过舟从未把自己当成喻家的一份子,身上的这一层血缘关系在他心里毫无位置,他被人骂多了白眼狼,他也的确是个白眼狼,将他养大的亲人在他心里占据不了地位,生育他的亲人也是一样。
圣诞节,打工的餐厅因为太过忙碌,本该休息的他只能加班。
临近深夜,过舟收拾好东西下班,天气又冷了些,他扣上衣服上的帽子,手机方一打开几条信息跳了出来,都是张锦云发来的,问他怎么这样晚还没回家。
他按灭手机,藏在黑暗下的脸越发看不清神色。
故作威严实际上也的确刻薄冷漠的父亲,看似疼爱孩子实则精明算计的母亲,病殃殃把自己伪装的乖巧可怜的小少爷。
还有有着奇怪癖好总喜欢勾引别人的喻萧衡。
过舟想到这里突然脚步突然停滞了下。
他又想起了那个晚上,那一晚的事最近总是纠缠着他,然后侵入他的梦境,白色浴袍裹着喻萧衡的身体,半遮半掩地露出胸前的两点,像是梅花那样红,像是玫瑰那样艳。
白皙纤细的脚高高抬起,圆润的指头踩在他的胸膛,目中无人又装满风情,悄无声息又明目张胆地引诱。
他跪在那个人面前,任由那双脚在他身上一处处踩过,他红着眼要把人拽下椅子,最好压在身下,让人不能反抗,但一次都没有成功。
再醒来时,月亮高升,而他心跳加速。
有雪粒落在帽子上,啪嗒跳个不停,过舟捏紧了手指,高高拉起的领口连带帽子被他弄乱,雪粒挂在睫毛。
有车从身后开过来,紧紧跟着他,过舟心里升起警惕,染着浓郁黑色的眼睛瞥过去,只见那个多次在他梦里出现的男人在车窗后笑得灿烂。
车停在他面前,喻萧衡一只胳膊搭在车窗上,有雪花飘落至白瓷一般的脸颊,他被凉地眨眼,脸上也泛起粉“过舟,在做兼职好辛苦啊。”
过舟没应,身上有被客人沾染的酒味,这种味道让他恶心。
喻萧衡转头看向秦浔“麻烦也送我弟弟一程”
秦浔点头,视线穿过他落在少年身上,他不认为这个人会承喻萧衡的情。
过舟看着两人的互动,这是他第二次看见喻萧衡坐在别的男人车上,他不禁去猜想,究竟还有多少个,也不禁觉得在这个男人面前的喻萧衡格外收敛。
他喊自己弟弟。
上一次喊的是小狼崽子。
过舟眼里闪过讽意,男人显然不过是随口问一问,那双桃花眼里升起虚假的可惜,车窗缓缓升起,启唇说“既然你不愿意,那”
过舟扣住门把手,拉开车门,待坐稳后,对上喻萧衡的目光“多谢。

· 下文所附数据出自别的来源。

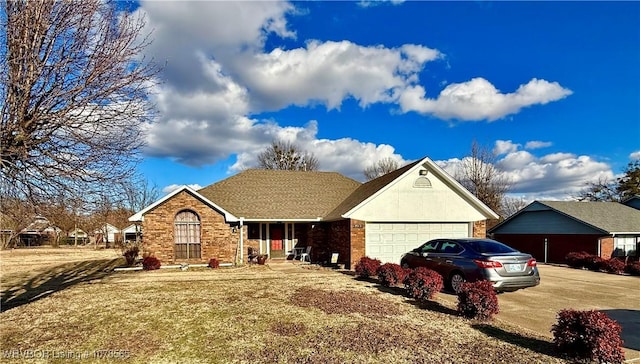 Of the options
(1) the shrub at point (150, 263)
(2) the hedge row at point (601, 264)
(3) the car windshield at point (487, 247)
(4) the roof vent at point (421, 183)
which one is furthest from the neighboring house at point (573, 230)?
(1) the shrub at point (150, 263)

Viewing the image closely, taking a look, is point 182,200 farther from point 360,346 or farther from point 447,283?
point 360,346

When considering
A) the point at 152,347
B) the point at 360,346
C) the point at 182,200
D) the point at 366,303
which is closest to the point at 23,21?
the point at 152,347

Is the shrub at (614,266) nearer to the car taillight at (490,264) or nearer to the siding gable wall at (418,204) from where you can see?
the siding gable wall at (418,204)

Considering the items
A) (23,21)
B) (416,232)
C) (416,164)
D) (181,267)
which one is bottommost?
(181,267)

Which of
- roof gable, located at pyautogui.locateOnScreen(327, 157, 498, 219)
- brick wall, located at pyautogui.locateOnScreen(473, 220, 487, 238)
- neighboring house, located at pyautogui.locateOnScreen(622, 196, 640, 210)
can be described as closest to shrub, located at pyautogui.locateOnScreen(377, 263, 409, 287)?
roof gable, located at pyautogui.locateOnScreen(327, 157, 498, 219)

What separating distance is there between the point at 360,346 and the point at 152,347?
342 cm

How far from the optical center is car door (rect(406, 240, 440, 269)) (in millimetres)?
11572

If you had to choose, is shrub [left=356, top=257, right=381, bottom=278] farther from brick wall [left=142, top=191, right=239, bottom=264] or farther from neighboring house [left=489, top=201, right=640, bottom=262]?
neighboring house [left=489, top=201, right=640, bottom=262]

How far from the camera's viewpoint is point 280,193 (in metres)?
21.8

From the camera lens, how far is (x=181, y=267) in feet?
55.4

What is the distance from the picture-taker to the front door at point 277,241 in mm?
20297

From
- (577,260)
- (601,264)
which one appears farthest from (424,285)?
(577,260)

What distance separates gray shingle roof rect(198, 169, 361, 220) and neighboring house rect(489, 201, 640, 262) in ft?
39.9

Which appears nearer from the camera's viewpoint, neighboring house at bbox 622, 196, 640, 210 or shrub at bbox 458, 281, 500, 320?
shrub at bbox 458, 281, 500, 320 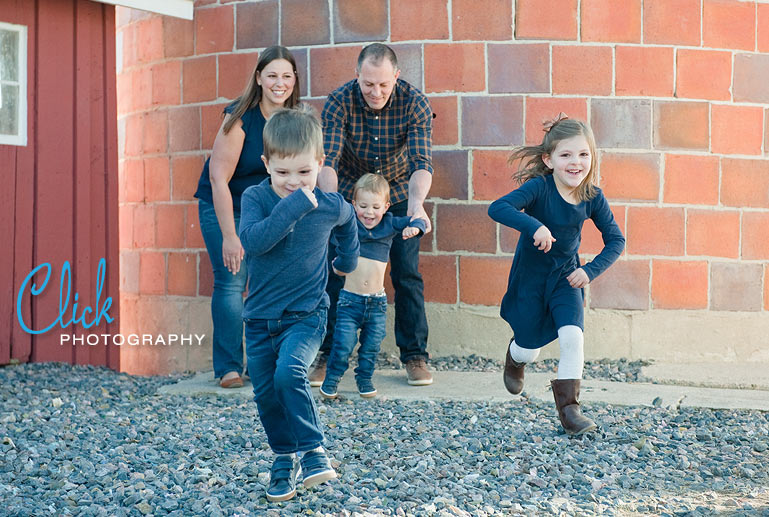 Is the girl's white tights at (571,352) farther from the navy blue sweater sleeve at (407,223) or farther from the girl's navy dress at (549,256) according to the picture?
the navy blue sweater sleeve at (407,223)

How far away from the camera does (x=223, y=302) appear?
16.1 ft

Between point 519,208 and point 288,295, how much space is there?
1348 millimetres

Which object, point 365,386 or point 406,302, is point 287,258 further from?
point 406,302

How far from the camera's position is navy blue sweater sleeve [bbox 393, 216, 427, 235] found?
14.1ft

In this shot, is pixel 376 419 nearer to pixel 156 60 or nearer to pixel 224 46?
pixel 224 46

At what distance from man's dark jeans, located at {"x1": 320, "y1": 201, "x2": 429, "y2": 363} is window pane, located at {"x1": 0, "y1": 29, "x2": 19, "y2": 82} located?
273 cm

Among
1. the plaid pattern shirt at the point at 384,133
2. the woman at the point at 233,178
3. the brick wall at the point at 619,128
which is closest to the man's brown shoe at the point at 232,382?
the woman at the point at 233,178

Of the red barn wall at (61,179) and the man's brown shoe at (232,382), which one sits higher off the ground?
the red barn wall at (61,179)

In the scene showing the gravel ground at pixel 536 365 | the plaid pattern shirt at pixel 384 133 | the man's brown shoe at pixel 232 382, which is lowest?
the man's brown shoe at pixel 232 382

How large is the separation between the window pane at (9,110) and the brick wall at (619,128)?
6.82 ft

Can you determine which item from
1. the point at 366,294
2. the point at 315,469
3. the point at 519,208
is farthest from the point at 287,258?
the point at 366,294

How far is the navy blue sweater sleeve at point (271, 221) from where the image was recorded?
2713 mm

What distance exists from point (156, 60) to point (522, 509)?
15.0 feet

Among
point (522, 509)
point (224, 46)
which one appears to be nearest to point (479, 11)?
point (224, 46) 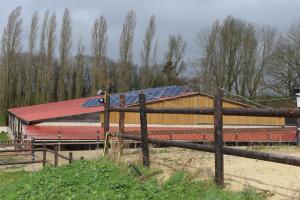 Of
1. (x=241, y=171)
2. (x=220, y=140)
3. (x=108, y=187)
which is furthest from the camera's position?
(x=241, y=171)

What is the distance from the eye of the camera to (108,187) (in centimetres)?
794

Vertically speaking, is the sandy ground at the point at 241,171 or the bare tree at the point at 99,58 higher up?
the bare tree at the point at 99,58

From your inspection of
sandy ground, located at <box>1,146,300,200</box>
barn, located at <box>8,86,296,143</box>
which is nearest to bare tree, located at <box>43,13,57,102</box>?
barn, located at <box>8,86,296,143</box>

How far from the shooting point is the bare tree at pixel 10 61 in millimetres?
54062

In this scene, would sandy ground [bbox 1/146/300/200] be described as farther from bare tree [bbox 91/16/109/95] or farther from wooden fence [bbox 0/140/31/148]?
bare tree [bbox 91/16/109/95]

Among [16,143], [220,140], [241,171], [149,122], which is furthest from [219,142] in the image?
[149,122]

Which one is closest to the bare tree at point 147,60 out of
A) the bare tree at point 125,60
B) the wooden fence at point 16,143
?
the bare tree at point 125,60

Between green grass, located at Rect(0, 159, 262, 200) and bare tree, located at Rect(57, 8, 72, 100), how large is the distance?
4608 centimetres

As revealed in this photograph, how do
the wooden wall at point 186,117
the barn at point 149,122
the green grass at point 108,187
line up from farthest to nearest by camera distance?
the wooden wall at point 186,117 < the barn at point 149,122 < the green grass at point 108,187

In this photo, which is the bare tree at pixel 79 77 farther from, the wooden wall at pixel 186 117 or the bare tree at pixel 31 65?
the wooden wall at pixel 186 117

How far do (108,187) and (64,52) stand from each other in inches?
1948

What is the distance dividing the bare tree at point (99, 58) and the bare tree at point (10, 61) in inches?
326

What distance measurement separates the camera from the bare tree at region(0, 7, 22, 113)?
5406cm

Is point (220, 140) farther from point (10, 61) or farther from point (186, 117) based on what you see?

”
他又一次上了头,被情感左右身躯,指腹一阵冰凉,帽子上的细雪接触温暖融成雪水,发丝也湿了一片,他冷眼旁观喻萧衡和那个男人闲聊。
男人衣着光鲜,戗驳领的的手作西装,深黑色布料包裹住紧实的身躯,一抬手露出腕上反着银蓝色冷光的表,最重要的是长得不错,他的哥哥不仅有着奇怪的癖好,还格外爱勾搭长相不凡的有钱男人。
就是不知道会不会也按着这个男人让他跪在地上舔自己。
“上次生日会后,我没有找到你的礼物。”秦浔发现被人窥伺,目光凉凉扫过去,少年不偏不躲,与他对视。

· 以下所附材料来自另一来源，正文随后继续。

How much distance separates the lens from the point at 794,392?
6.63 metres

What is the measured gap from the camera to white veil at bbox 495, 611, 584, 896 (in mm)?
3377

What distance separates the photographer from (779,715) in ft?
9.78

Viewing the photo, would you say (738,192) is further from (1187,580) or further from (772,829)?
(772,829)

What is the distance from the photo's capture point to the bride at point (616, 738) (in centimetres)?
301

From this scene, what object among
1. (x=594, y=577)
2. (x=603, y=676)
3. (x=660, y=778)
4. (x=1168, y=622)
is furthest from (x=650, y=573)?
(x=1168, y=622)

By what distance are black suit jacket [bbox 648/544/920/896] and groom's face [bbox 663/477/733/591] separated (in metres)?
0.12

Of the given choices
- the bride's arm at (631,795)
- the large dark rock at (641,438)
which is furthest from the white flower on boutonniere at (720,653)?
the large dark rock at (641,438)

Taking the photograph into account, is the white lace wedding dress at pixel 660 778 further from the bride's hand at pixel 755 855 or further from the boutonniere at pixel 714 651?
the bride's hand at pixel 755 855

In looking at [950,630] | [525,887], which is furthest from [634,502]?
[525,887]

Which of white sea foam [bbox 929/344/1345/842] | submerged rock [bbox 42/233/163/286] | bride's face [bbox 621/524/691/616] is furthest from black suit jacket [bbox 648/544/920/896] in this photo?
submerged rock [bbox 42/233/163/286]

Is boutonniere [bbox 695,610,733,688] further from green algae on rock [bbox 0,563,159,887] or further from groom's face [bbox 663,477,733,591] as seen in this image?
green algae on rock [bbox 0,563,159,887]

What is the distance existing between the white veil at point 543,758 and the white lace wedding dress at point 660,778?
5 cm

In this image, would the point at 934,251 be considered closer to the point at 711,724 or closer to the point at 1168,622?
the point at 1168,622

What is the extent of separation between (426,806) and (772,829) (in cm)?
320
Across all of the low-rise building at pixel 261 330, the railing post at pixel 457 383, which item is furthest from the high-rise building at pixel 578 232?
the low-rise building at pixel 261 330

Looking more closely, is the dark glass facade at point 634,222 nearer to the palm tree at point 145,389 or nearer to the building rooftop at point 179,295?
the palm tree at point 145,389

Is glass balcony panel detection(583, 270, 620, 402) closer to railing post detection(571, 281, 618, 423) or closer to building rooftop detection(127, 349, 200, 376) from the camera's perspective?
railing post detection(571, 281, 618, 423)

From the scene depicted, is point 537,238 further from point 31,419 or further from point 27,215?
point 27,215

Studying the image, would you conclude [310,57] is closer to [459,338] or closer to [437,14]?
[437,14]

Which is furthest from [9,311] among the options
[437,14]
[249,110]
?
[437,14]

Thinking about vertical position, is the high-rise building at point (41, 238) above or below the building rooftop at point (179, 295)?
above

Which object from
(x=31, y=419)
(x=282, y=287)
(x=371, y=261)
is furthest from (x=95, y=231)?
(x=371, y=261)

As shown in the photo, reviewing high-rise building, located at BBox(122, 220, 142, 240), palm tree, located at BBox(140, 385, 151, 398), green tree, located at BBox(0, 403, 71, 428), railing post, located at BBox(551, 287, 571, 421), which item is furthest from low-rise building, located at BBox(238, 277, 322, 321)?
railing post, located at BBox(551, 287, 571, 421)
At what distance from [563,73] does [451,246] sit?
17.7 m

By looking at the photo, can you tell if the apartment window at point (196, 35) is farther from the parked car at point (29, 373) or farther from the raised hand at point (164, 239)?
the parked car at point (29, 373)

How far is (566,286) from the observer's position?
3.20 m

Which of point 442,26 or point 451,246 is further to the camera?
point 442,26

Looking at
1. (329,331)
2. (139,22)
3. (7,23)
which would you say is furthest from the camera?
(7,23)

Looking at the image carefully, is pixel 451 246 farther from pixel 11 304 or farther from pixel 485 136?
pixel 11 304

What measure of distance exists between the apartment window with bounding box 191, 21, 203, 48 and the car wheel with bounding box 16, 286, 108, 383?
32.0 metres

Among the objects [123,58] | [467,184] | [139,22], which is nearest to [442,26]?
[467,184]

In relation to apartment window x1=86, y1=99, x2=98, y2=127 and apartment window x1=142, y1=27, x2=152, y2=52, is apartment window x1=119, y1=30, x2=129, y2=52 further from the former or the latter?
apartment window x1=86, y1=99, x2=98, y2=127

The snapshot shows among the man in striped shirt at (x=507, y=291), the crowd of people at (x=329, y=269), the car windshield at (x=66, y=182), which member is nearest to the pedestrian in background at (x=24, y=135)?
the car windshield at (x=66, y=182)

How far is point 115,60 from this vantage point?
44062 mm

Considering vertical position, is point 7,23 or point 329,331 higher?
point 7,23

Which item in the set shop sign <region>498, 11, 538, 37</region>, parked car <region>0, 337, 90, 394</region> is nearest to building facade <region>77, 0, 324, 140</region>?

喻萧衡愣了下,他是混进去的宴会,又哪里会准备礼物,更没想到会被当事人在宴会后索要。
他眼睛一转,摸着自己的唇,暗示味十足“我以为秦先生已经收到了。”
秦浔无声低笑,眼前的那片软肉被冷空气刺激地发红,让他能回想起触碰时的感受,如果此时再贴上去,应当是与上次炙热不同的微凉。